Sagemaker to RHOAI Fraud Detection

This tutorial is based on: https://rh-aiservices-bu.github.io/fraud-detection/ but instead of doing all the tasks in Red Hat OpenShift AI it tries to mmimic the scnerio where a Data Scientists develops a model in Sagemaker and then deploys it in OpenShift AI.

There are some differences though:

  • It starts in Sagemaker
  • It uses Tekton to build the Kubeflow Pipeline (KFP) used to test and deploy the model
  • There's a Camel integration that helps moving the model from Amazon Web Services S3 to an on-premise Red Hat OpenShift AI installation
  • It uses Gitops to deploy all the components

Picture of the arquitecture and flow.

'Sagemaker RHOAI'

The simplified flow of the demonstration is as follows:

  1. Go to Sagemaker Studio Lab. Train and save the model, scaler and test data as a zip file (evaluation kit) in an S3 bucket (start).
  2. A Camel S3 integration will be triggered every time there's a new evaluation kit.

Preparation

Adjust minimal .env

Here you are sample .env file that should work straight away. Change REPO_URL if you have forked this repo and INSTANCE_NAME at will or if you want to deploy multiple times in the same cluster.

cat <<EOF > ./bootstrap/.env
REPO_URL="https://github.com/alpha-hack-program/sagemaker-rhoai.git"
INSTANCE_NAME="fraud-detection"
DATA_SCIENCE_PROJECT_NAMESPACE="${INSTANCE_NAME}-ds"
EOF

AWS S3 access

Yo have to:

  • Create a bucket you will use the bucket name later.
  • Create ACCESS KEYS and give them all persmissions on the S3 bucket
  • Save the AWS access key, secret and region in ./bootstrap/.creds file.

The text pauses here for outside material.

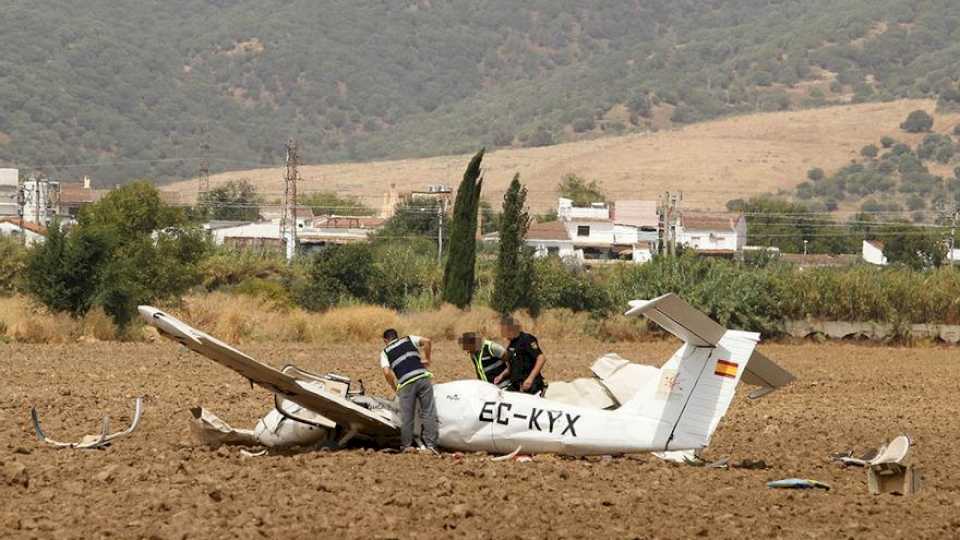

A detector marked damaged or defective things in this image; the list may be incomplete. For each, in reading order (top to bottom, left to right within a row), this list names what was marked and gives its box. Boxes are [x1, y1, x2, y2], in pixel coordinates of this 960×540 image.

crashed white airplane [137, 296, 796, 456]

Adjust and run the next commands to create ./bootstrap/.creds file.

NOTE: Don't forget to log in using oc before running this command. AWS and Minio credentials should be updated!

. ./bootstrap/.env

MINIO_ENDPOINT=$(oc get route minio-s3 -n ic-shared-minio -o jsonpath='{.spec.host}')
DSPA_URL=https://$(kubectl get route ds-pipeline-dspa -n ${DATA_SCIENCE_PROJECT_NAMESPACE} -o jsonpath='{.spec.host}')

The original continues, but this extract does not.